Sur l’instant, je m’abstins de répondre et nous déboulâmes dans la salle sous les regards étonnés des quelques supporters encore présents. Les arbitres s’étaient déjà rhabillés et nous annoncèrent que le match était perdu ; je n’avais pas prévenu de notre retard. Malgré mon insistance et mes explications, leur décision était sans appel. Surtout qu’il manquait encore une partie de l’équipe !

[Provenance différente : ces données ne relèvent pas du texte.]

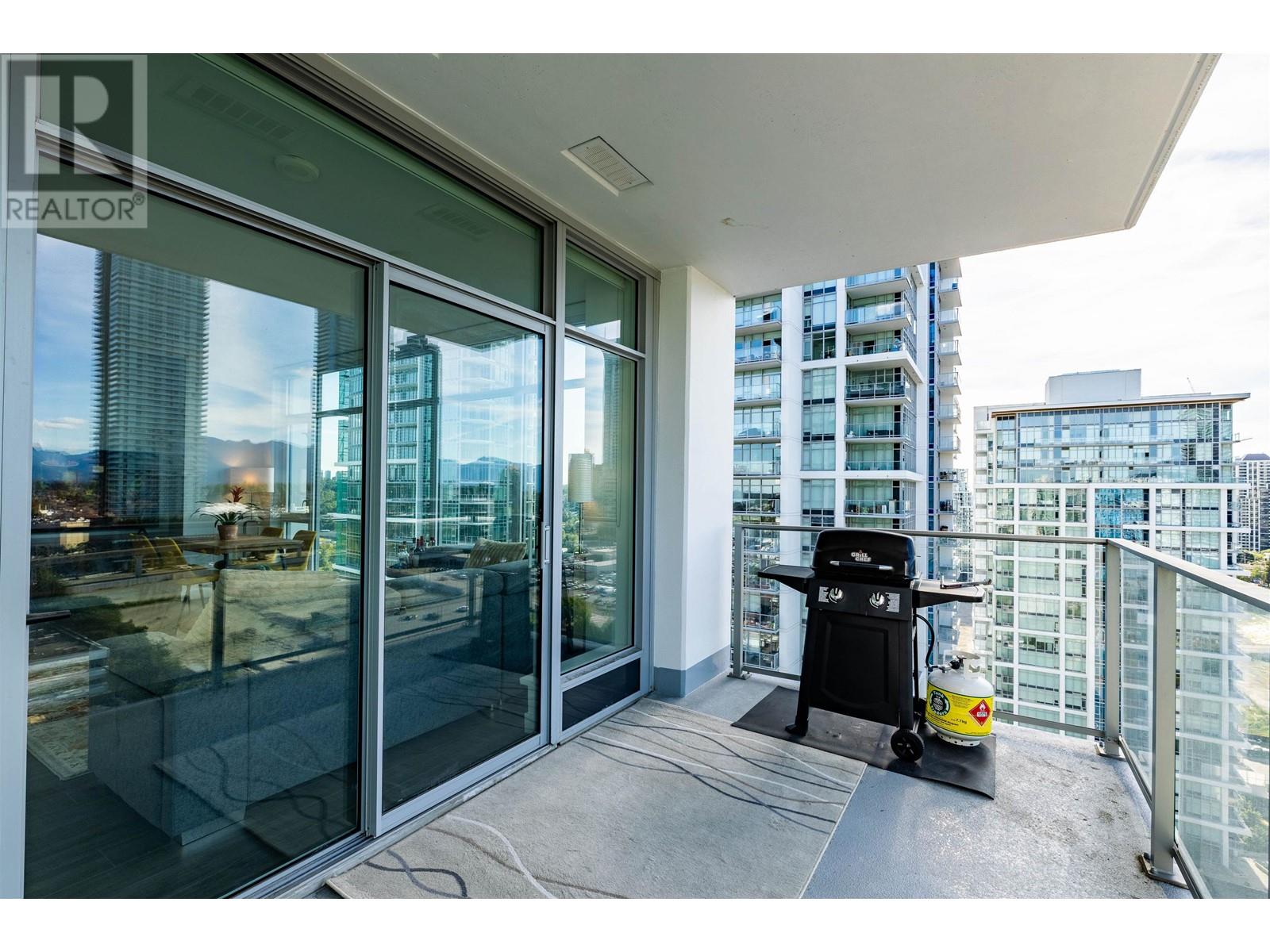 Listing Picture 8 of 28 : 2106 2351 BETA AVENUE, Burnaby / 本拿比 - 魯藝地產 Yvonne Lu Group - MLS Medallion Club Member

Jean-Marc se retourna en panique vers son fils dont il avait reconnu la voix.
– Qu’est-ce qui’s passe ? s’inquiéta-t-il, pourquoi as-tu crié ?
– J’ai oublié de te rappeler de prendre les ballons d’entraînement, répondit notre gardien tout penaud.
– T’avais pas besoin d’hurler, j’ai failli avoir un accident ! s’énerva-t-il ! Mais comment a-t-on pu les oublier ? ils font trente-trois centimètres de diamètre quand même !
– On est bientôt arrivé ?
– Je crois... Mais j’sais pas pourquoi y répond pas ? se demanda Jean-Marc tout en pianotant sur le clavier de son téléphone. Ça fait dix SMS que j’envoie !
– On a faim ! se plaignirent de concert les deux jeunes.

La buvette était encore ouverte et quelques aficionados fêtaient leur piètre « victoire ». Un gobelet de bière à la main, je repensais à la citation du Cid de Corneille « A vaincre sans péril, on triomphe sans gloire ». Jean-Marc venait de me rejoindre et nous ressassions avec des si les événements de cette terrible soirée. Je me retournai, l’air encore dépité, vers le terrain ; nos quatre jeunes faisaient des tours de terrains et des accélérations et les gosses d’Evreux s’amusaient à les attraper. Ils avaient tous le sourire et leur visage rayonnait. A leurs yeux, ni la victoire ni la défaite n’avaient d’importance.